▶ **Supplied information**
-*-*-
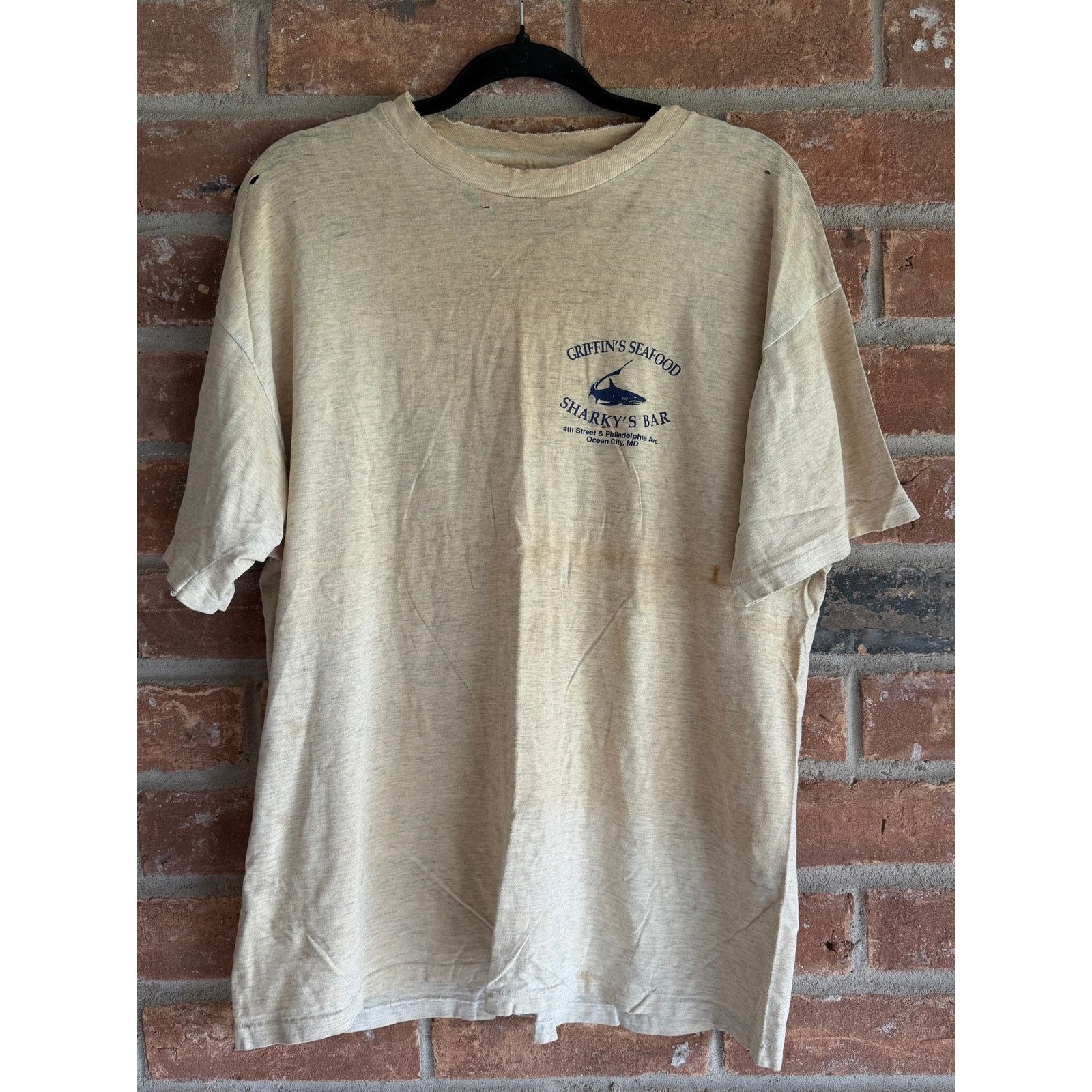 Hanes Vintage Sharky’s Bar Ocean City Maryland Tee Size US XL / EU 56 / 4 - 1 Thumbnail
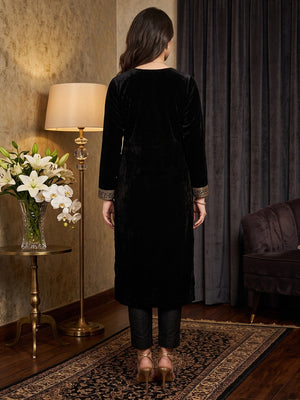 Elegant Black Woolen Straight Kurti for Cozy Winter Comfort - Image 2
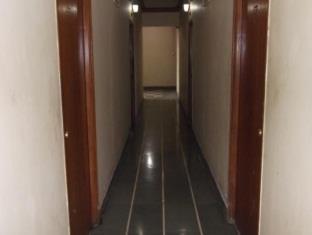 Hotel Indrayani Alandi Екстер'єр фото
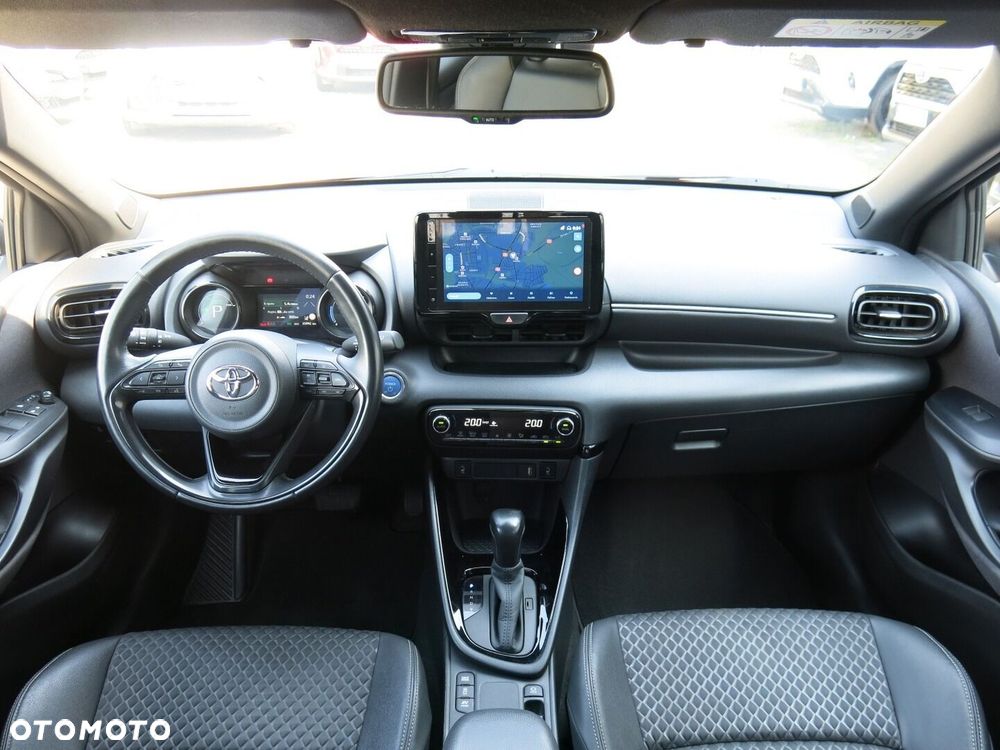 Toyota Yaris Hybrid 1.5 Selection Style - 8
-*-*-
▶ **Task brief**
Everything in the material above is to be reproduced exactly, pictures aside.

▶ **Written solution**
 Hanes Vintage Sharky’s Bar Ocean City Maryland Tee Size US XL / EU 56 / 4 - 1 Thumbnail
 Elegant Black Woolen Straight Kurti for Cozy Winter Comfort - Image 2
 Hotel Indrayani Alandi Екстер'єр фото
 Toyota Yaris Hybrid 1.5 Selection Style - 8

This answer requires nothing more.